Paris-Brest-Paris is being run August 20-24, 2007 and many of our customers and friends are riding. I case you don't know what PBP is, here is a description from the Randonneurs USA site:
First run in 1891, the 1200-kilometer Paris-Brest-Paris, or "PBP" as it is commonly called, is a grueling test of human endurance and cycling ability. Organized every four years by the host Audax Club Parisien, the Paris-Brest-Paris Randonneurs is the oldest bicycling event still run on a regular basis on the open road. Beginning on the southern side of the French capital, it travels west 600 kilometers to the port city of Brest on the Atlantic Ocean and returns along the same route. Today's randonneur cyclists, while no longer riding the primitive machines used a hundred years ago over dirt roads or cobblestones, still have to face up to rough weather, endless hills, and pedaling around the clock. A 90-hour time limit ensures that only the hardiest randonneurs earn the prestigious PBP finisher's medal and have their name entered into the event's "Great Book" along with every other finisher going back to the very first PBP. To become a PBP ancien (or ancienne for the ladies) is to join a very elite group of cyclists who have successfully endured this mighty challenge. No longer a contest for professional racing cyclists (whose entry is now forbidden), PBP evolved into a timed randonnée or brevet for hard-riding amateurs during the middle part of the 20th century. The event is held in August every four years.You can track riders through the official PBP site. Yes, we'll be watching you.

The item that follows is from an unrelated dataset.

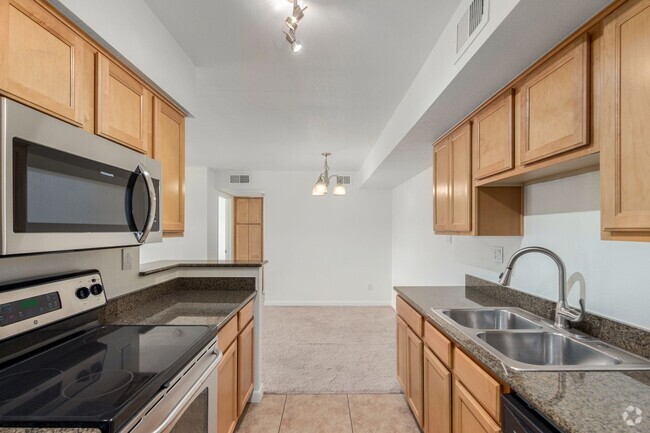 Building Photo - Stunning 1 Bed, 1 Bath Condo in the Heart ... Unit 2067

Many folks have e-mailed me asking what bike related things to do while in Paris. My advice is not to do anything bike related! You'll be riding 1200 bloody kilometers; forget about bikes for a few days and enjoy the city of light. Eat, drink, walk, go to museums, sit in cafes. That's what Paris is about.
First, to get into the mood, go see Ratatouille (the film) and count the 2CVs. Even the French love this film. I took my 7-year old to see it and it was great.

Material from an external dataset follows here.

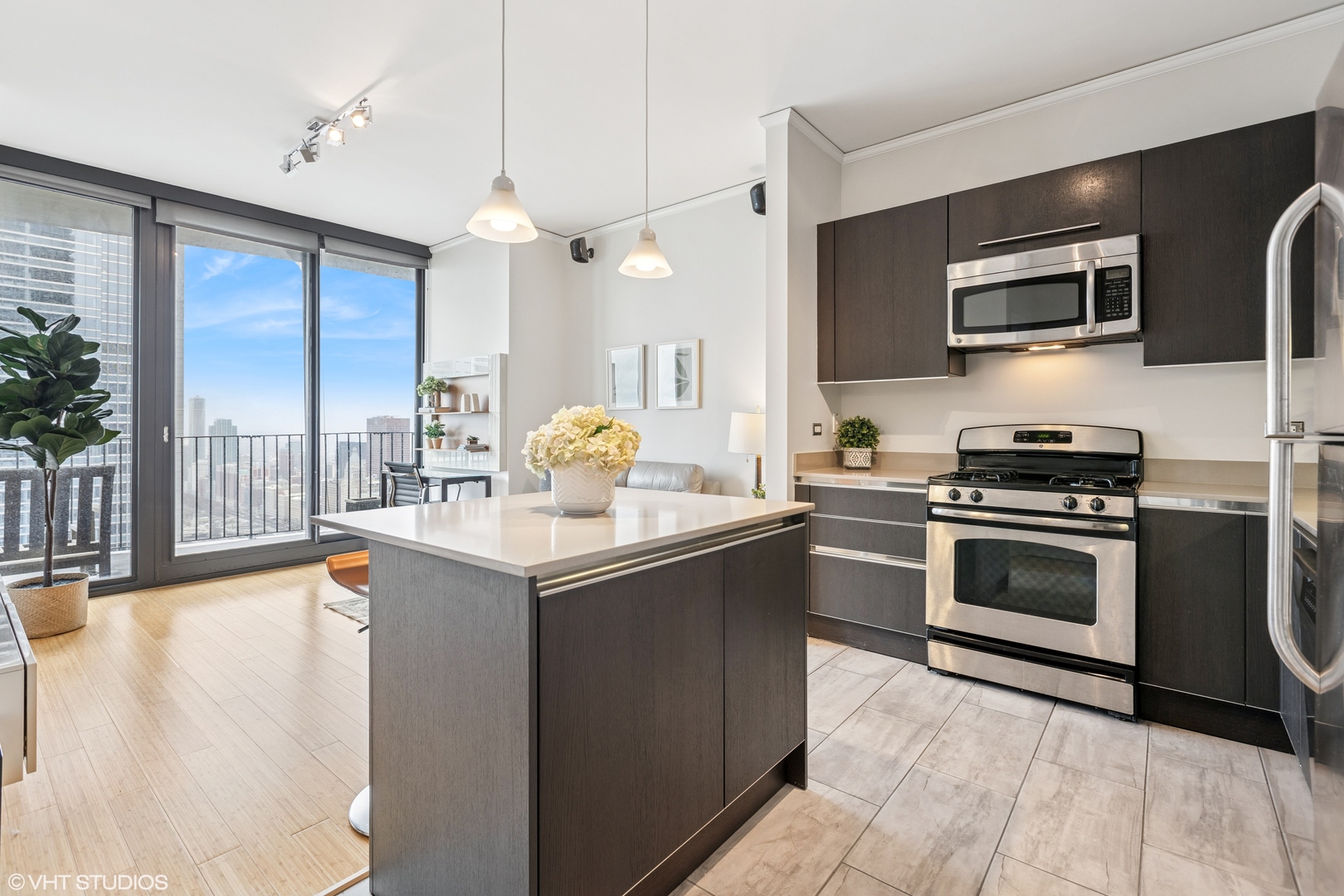 225 N Columbus Drive Unit: 5512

One of my favorite restaurants in Paris is Aux Charpentiers, 10 Rue Mabillon, 6e, where, if you look confused enough, the chef/owner, clad in jeans and a tweed jacket, will graciously help you with your meal.

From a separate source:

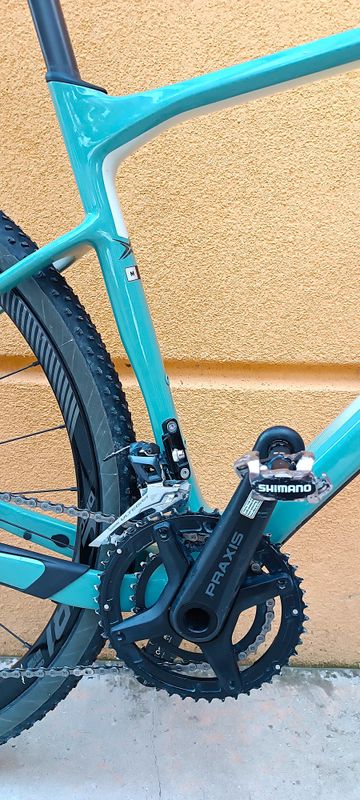 Used Giant Revolt Advanced 0 2019 2019 Road & Gravel, Green — image 11 of 15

Eat the bread from Poilâne bakery or one of the other great Parisian bakeries. You will be astounded. If you ask nicely they'll let you go down into the basement bakery.
Not all great food in Paris is French. Try Bouillon Racine for superb Belgian cuisine and the best Creme brulee in the world (according to Annette).
If you enjoy art, take the short trip to Giverny and visit Monet's house and gardens, a truly magic place, as well as the The American Art Museum and the Vernon Museum. Giverny is one of my favorite towns in the entire world.
If you must do something bike related, ride around on one of the new rental bikes that are everywhere. Check out this article from today's Guardian. By the way, the Alex Singer shop is closed for vacation during August and I've never bothered to visit any other bike shops in Paris. But you can get quite an education in city bikes by just noticing what's parked on the street. I've seen plenty of neat constructuer frames by just wandering around, but expect them to look well used; they are.
Finally, good luck to Ralph (and/or Joel), Jan, Ed, Chris, Mike, David, and everyone else who's riding PBP.
Does anyone else have favorite spots in or around Paris?